* Work item: Look through the listing below and write out exactly the lines from the line with "So we're going" to the line with "So here you", both included, and no others.

* Input data:

== == ==

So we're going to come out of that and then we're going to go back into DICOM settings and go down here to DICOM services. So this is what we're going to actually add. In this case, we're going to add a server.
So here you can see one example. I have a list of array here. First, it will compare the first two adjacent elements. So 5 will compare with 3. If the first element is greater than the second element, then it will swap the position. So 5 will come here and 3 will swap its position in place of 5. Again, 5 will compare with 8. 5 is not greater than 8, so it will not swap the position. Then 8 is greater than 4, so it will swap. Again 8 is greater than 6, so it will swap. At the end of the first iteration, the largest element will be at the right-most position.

== == ==

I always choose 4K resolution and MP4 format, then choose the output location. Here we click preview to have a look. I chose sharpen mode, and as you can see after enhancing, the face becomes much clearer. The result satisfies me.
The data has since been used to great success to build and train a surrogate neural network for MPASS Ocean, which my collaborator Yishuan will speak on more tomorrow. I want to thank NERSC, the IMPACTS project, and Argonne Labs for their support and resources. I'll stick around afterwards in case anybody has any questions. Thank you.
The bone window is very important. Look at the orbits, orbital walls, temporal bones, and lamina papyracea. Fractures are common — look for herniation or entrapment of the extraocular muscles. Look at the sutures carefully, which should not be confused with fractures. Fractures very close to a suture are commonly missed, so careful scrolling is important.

== == ==

* Written reply:
So we're going to come out of that and then we're going to go back into DICOM settings and go down here to DICOM services. So this is what we're going to actually add. In this case, we're going to add a server.
So here you can see one example. I have a list of array here. First, it will compare the first two adjacent elements. So 5 will compare with 3. If the first element is greater than the second element, then it will swap the position. So 5 will come here and 3 will swap its position in place of 5. Again, 5 will compare with 8. 5 is not greater than 8, so it will not swap the position. Then 8 is greater than 4, so it will swap. Again 8 is greater than 6, so it will swap. At the end of the first iteration, the largest element will be at the right-most position.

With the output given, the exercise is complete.